[FEATURE]: Triggering picture/other actions by voice
Is your feature request related to a problem?
No
Description
Today, there is a way to trigger actions by clicking on virtual (touchscreen) and phydsical buttons or by doing API calls. How about using voice?
Describe the solution you'd like
An offline and on-device wake word detection to trigger actions through API calls
Describe alternatives you've considered
Independant device or install to provide the service. Maybe some new actions can be added to the Photobooth API.
Additional context
I've made a script to use Porcupine, but so far nothing si directly related to PhotoboothProject:
main.py
import pvporcupine
import pyaudio
import struct
import subprocess
import configparser
import os
# --- CONFIGURATION FROM config.ini ---
config = configparser.ConfigParser()
config_path = os.path.join(os.path.dirname(os.path.abspath(__file__)), 'config.ini')
config.read(config_path)
#ACCESS_KEY = config['PORCUPINE']['ACCESS_KEY']

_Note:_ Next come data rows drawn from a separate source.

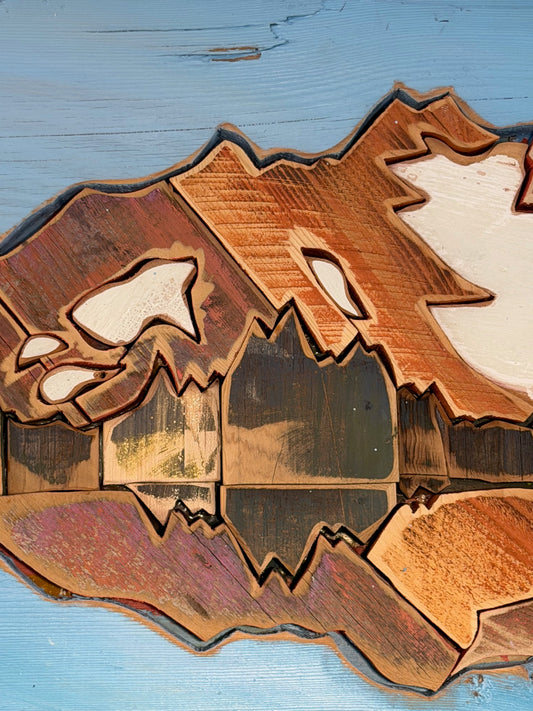 'Mount Jefferson' 34x13"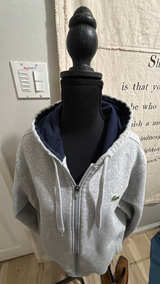Lacoste Sport Men's Full Zip Hoodie Grey - Image 3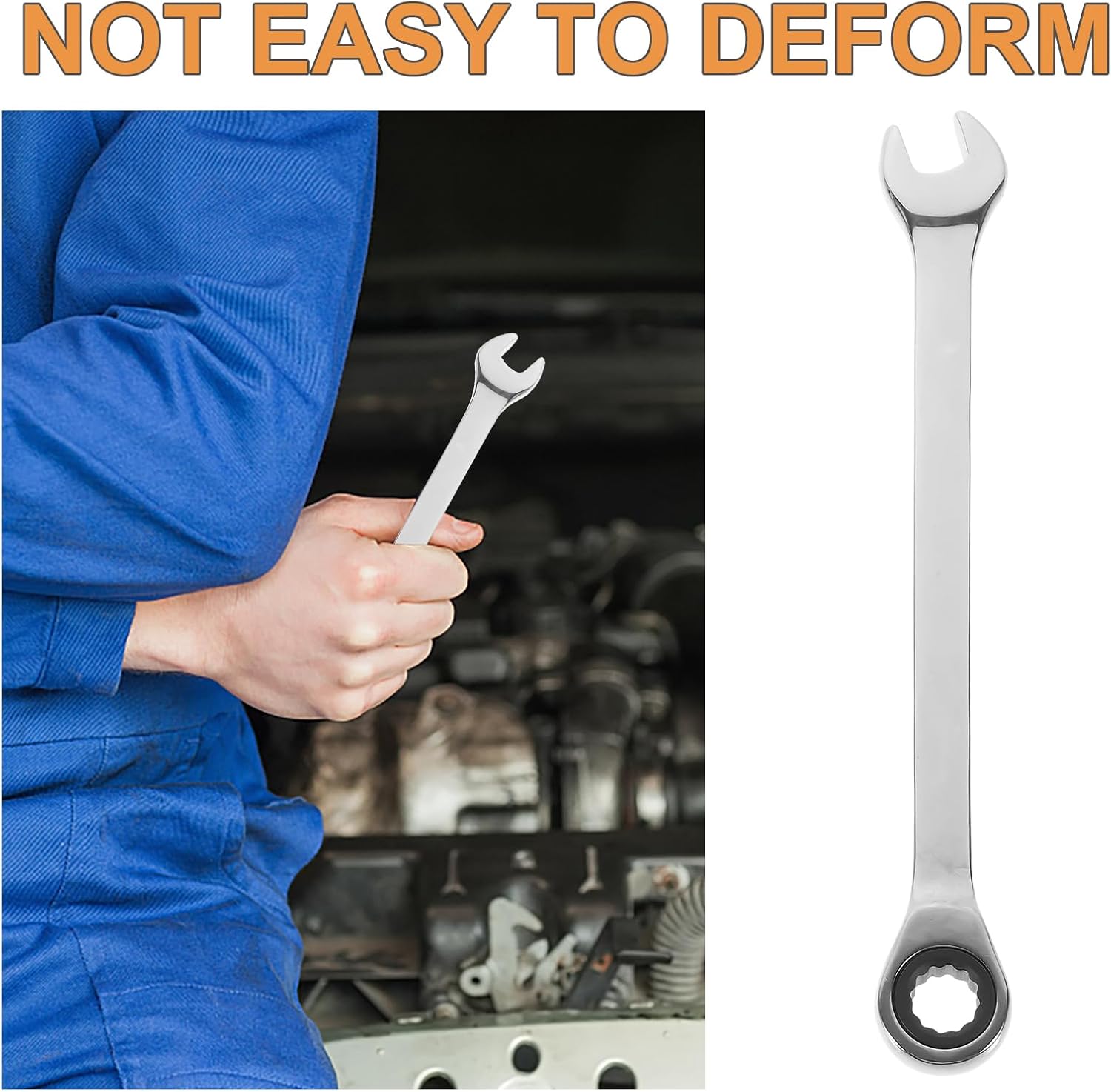 balacoo 8mm Ratchet Wrench: Metric Ratchet Wrench Dual Head Super Socket Metric Open Ended Torque Spanner Gear es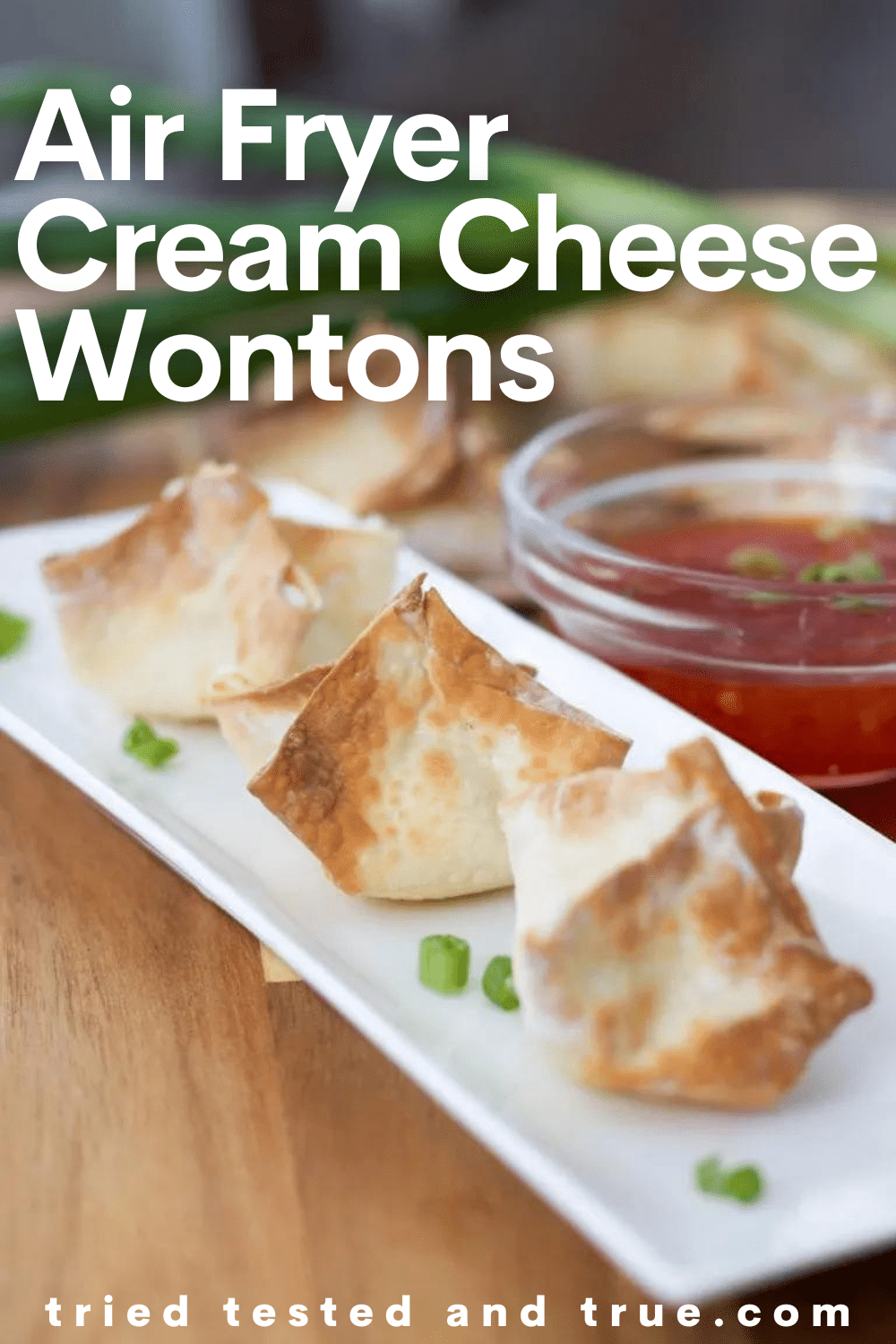 Air Fryer Cream Cheese Wontons (How to Fold 2 Easy Ways)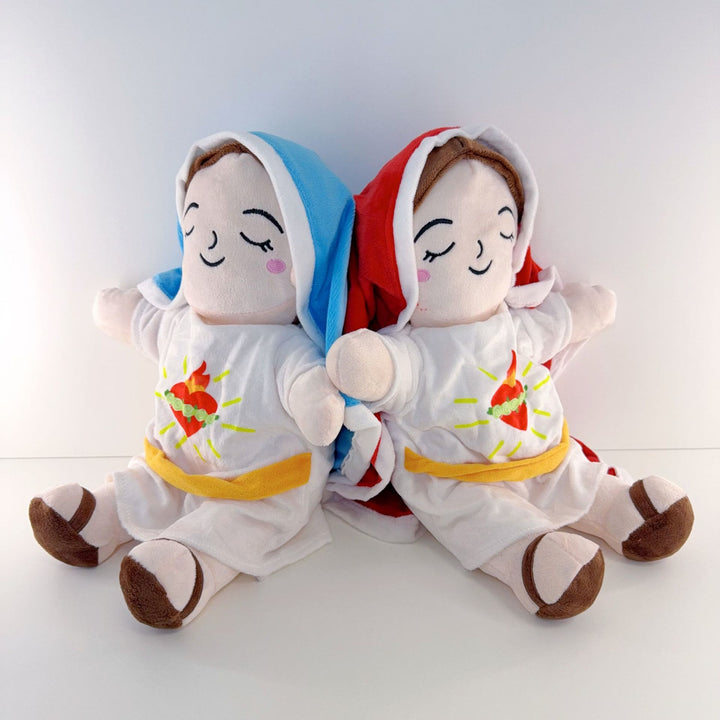 Christianartworkshop Red and Blue Soft Grace Plush Doll with Breathing & Soothing Music - image 12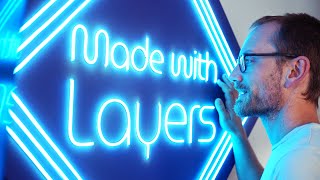 Making a fake Neon Sign for my very real YouTube Channel Name Change [upl. by Mcneil296]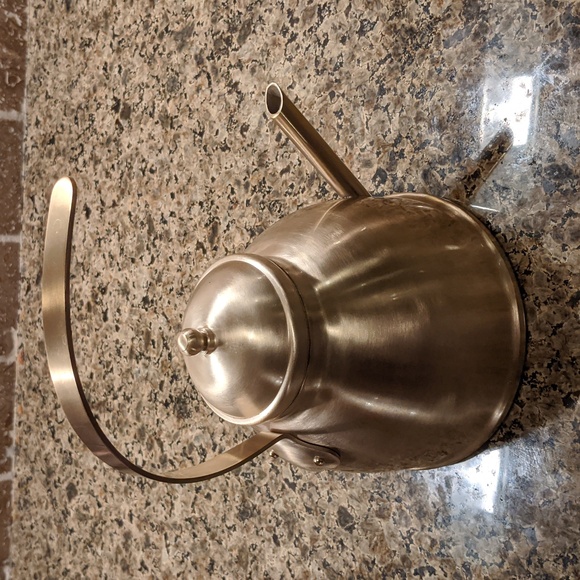Rose and Fitzgerald Rose Gold Tone Tea Pot Kettle One Liter capacity - Picture 2 of 7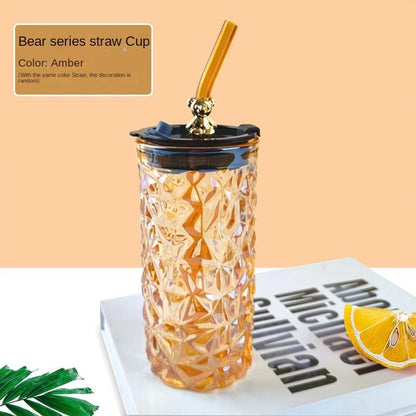 Vasos De Vidrio Vaso De Bebida Con Bombilla Vaso 400 Ml Arcashopping Vasos Vidrio Vasos De Vidrio Con Combilla Vasos Postres
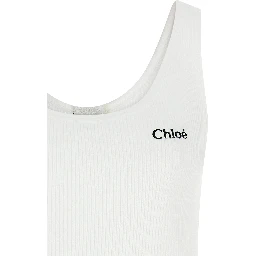 White Cotton Tank Tops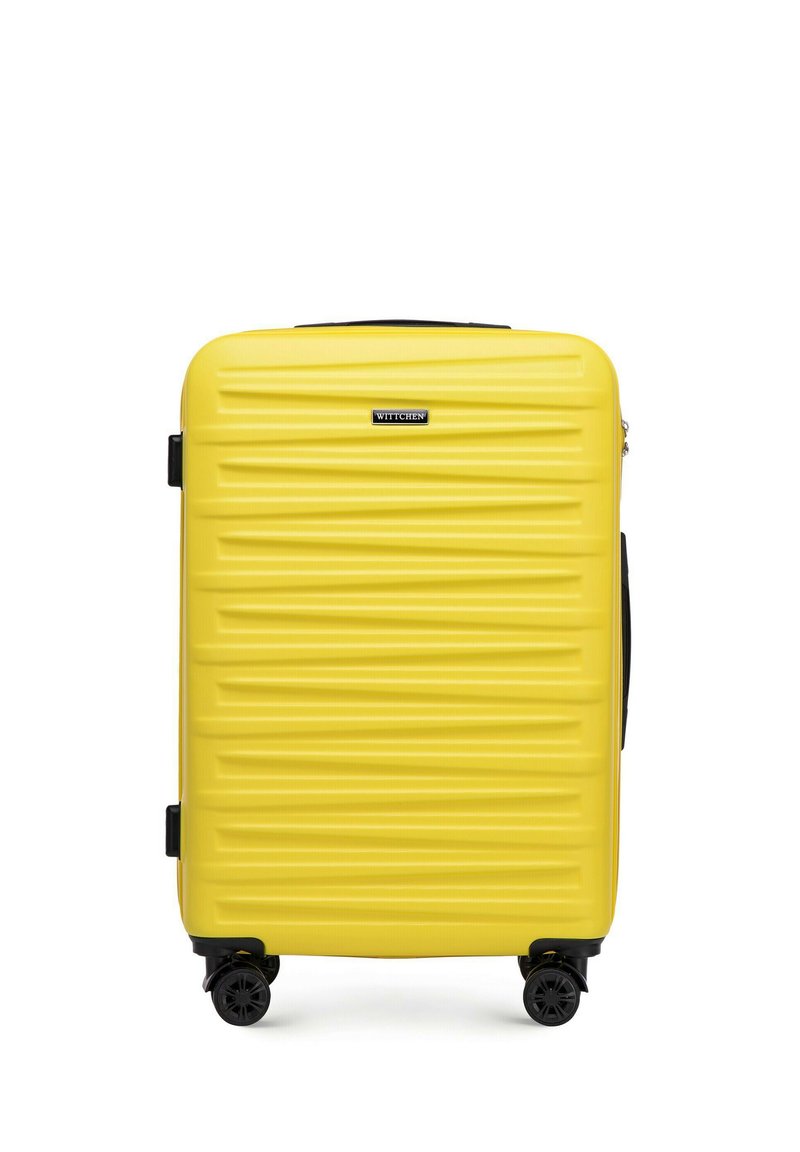 WITTCHEN MEDIUM SUITCASE FROM ABS - Trolley - yellow
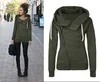 Vente en gros - Femmes Hiver Chaud Casual Manches Longues Col Irrégulier Zipper Lâche Pull Jumper Manteau Plus Taille S-XL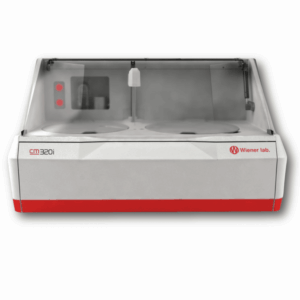 Analizador químico automatizado Wiener Lab CM-320i, equipo de laboratorio clínico de alto rendimiento para pruebas bioquímicas con precisión avanzada.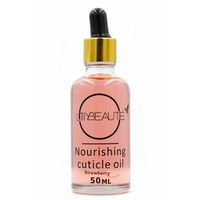 Изображение  Oil for nails and cuticles Lilly Beaute Strawberry with pipette 50 ml, Aroma: Strawberry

KEYWORDS = [k.strip() for k in config['PORCUPINE']['KEYWORDS'].split(',')]
KEYWORD_PATHS = [k.strip() for k in config['PORCUPINE']['KEYWORD_PATHS'].split(',')]
MODEL_PATH = config['PORCUPINE']['MODEL_PATH']
COMMAND_TO_EXECUTE = config['PORCUPINE']['COMMAND_TO_EXECUTE']
# --- END OF CONFIGURATION ---
try:
# Initialize Porcupine
porcupine = pvporcupine.create(
#access_key=ACCESS_KEY,
keyword_paths=KEYWORD_PATHS,
model_path=MODEL_PATH
)
# Initialize audio stream with PyAudio
pa = pyaudio.PyAudio()
audio_stream = pa.open(
rate=porcupine.sample_rate,
channels=1,
format=pyaudio.paInt16,
input=True,
frames_per_buffer=porcupine.frame_length
)
print(f"Ready. Listening for keywords: {', '.join(KEYWORDS)}")
print("Press Ctrl+C to exit.")
while True:
pcm = audio_stream.read(porcupine.frame_length)
pcm = struct.unpack_from("h" * porcupine.frame_length, pcm)
# Process audio with Porcupine
keyword_index = porcupine.process(pcm)
# If a keyword is detected (keyword_index >= 0)
if keyword_index >= 0:
detected = KEYWORDS[keyword_index]
print(f"Keyword '{detected}' detected!")
# --- TRIGGER YOUR ACTION HERE ---
print(f"Executing command: '{COMMAND_TO_EXECUTE}'")
subprocess.Popen(COMMAND_TO_EXECUTE.split())
print("Waiting for the next detection...")
except KeyboardInterrupt:
print("Script stopped.")
finally:
if 'porcupine' in locals() and porcupine is not None:
porcupine.delete()
if 'audio_stream' in locals() and audio_stream is not None:
audio_stream.close()
if 'pa' in locals() and pa is not None:
pa.terminate()
config.ini
[PORCUPINE]
ACCESS_KEY =
KEYWORDS = sorbet citron
KEYWORD_PATHS = sorbet-citron_fr_linux_v3_0_0.ppn
MODEL_PATH = porcupine_params_fr.pv
COMMAND_TO_EXECUTE = curl --request GET http://localhost:14711/commands/start-picture
Hey and thanks for the suggestion! You should use the Remotebuzzer server feature of Photobooth and trigger via simple web request from within your voice detection script.
Best regards
Andi
Hi Andy,
Thanks!
That is indeed what my script is doing through the config file, as I wanted an evolutive solution 🙂
Right, I've missed the COMMAND_TO_EXECUTE part scrolling through some open issues and PRs here 😅